Reproduce exactly the lines from the one containing "2nd image of 1205 W Hunt St #8" through the end of the listing, minus the pictures.

# Supplied data
○ ○ ○

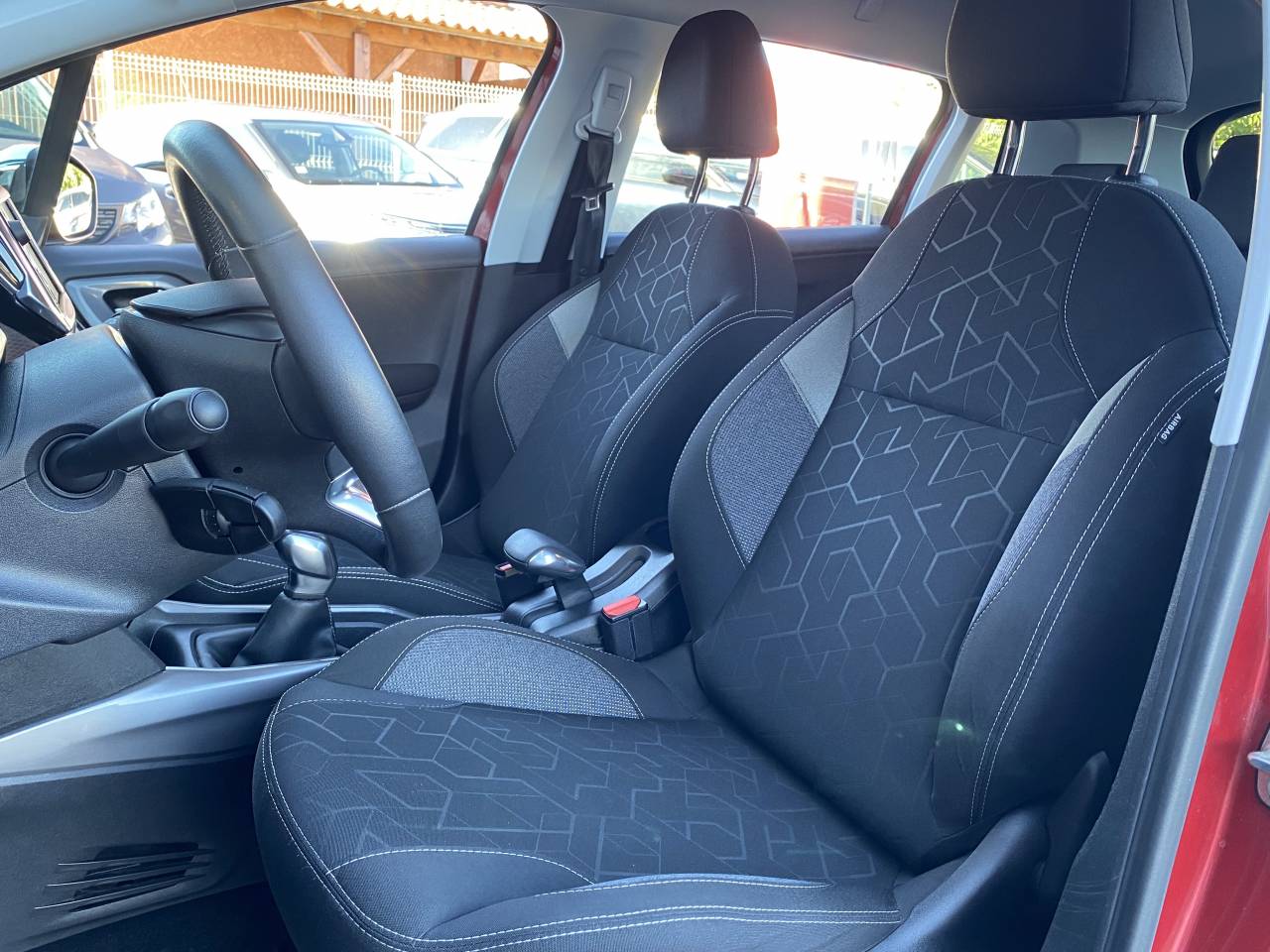 Peugeot 2008 1.2 Puretech 110 Style groupe Vergnon
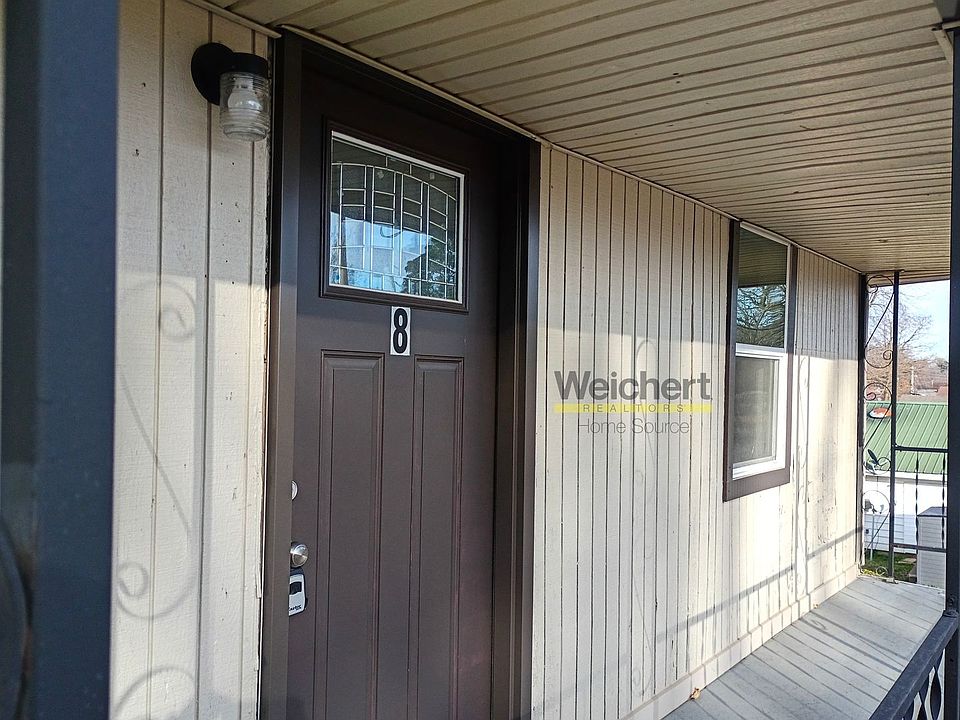 2nd image of 1205 W Hunt St #8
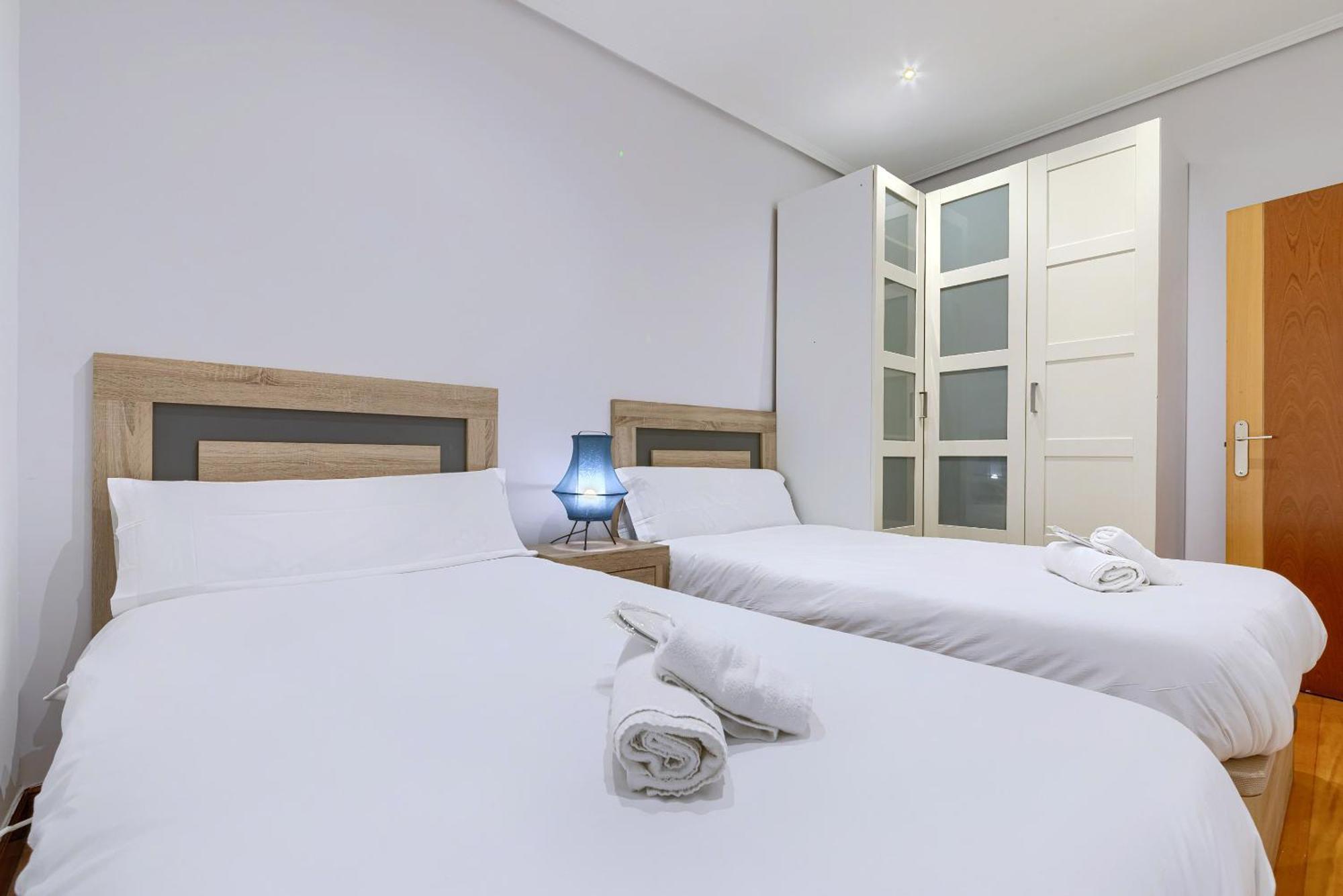Ayuntamiento Cerca Del Casco Viejo & Parking Appartamento Bilbao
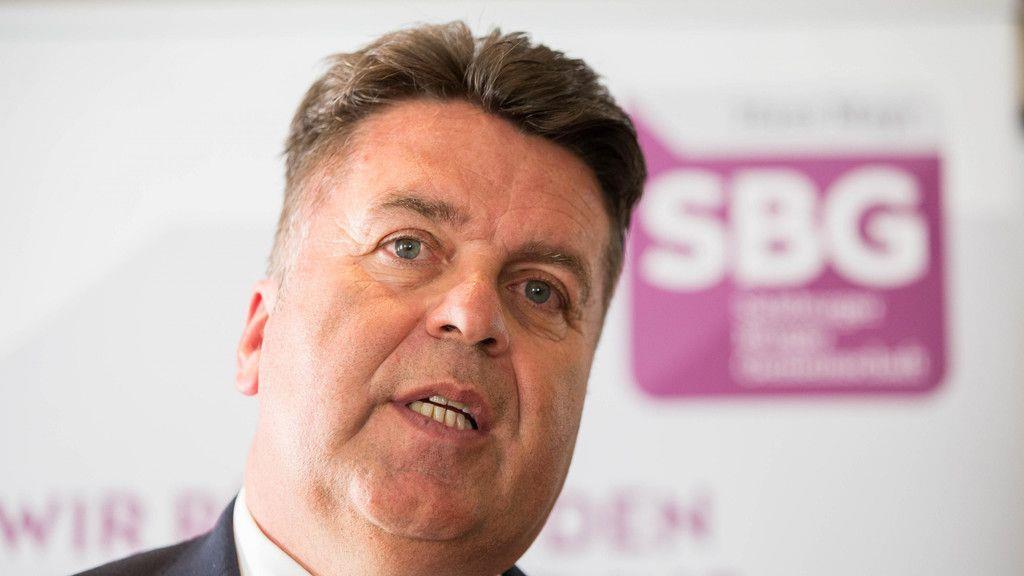 Mayr stellt neue Partei vor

○ ○ ○

# Response area
 2nd image of 1205 W Hunt St #8
Ayuntamiento Cerca Del Casco Viejo & Parking Appartamento Bilbao
 Mayr stellt neue Partei vor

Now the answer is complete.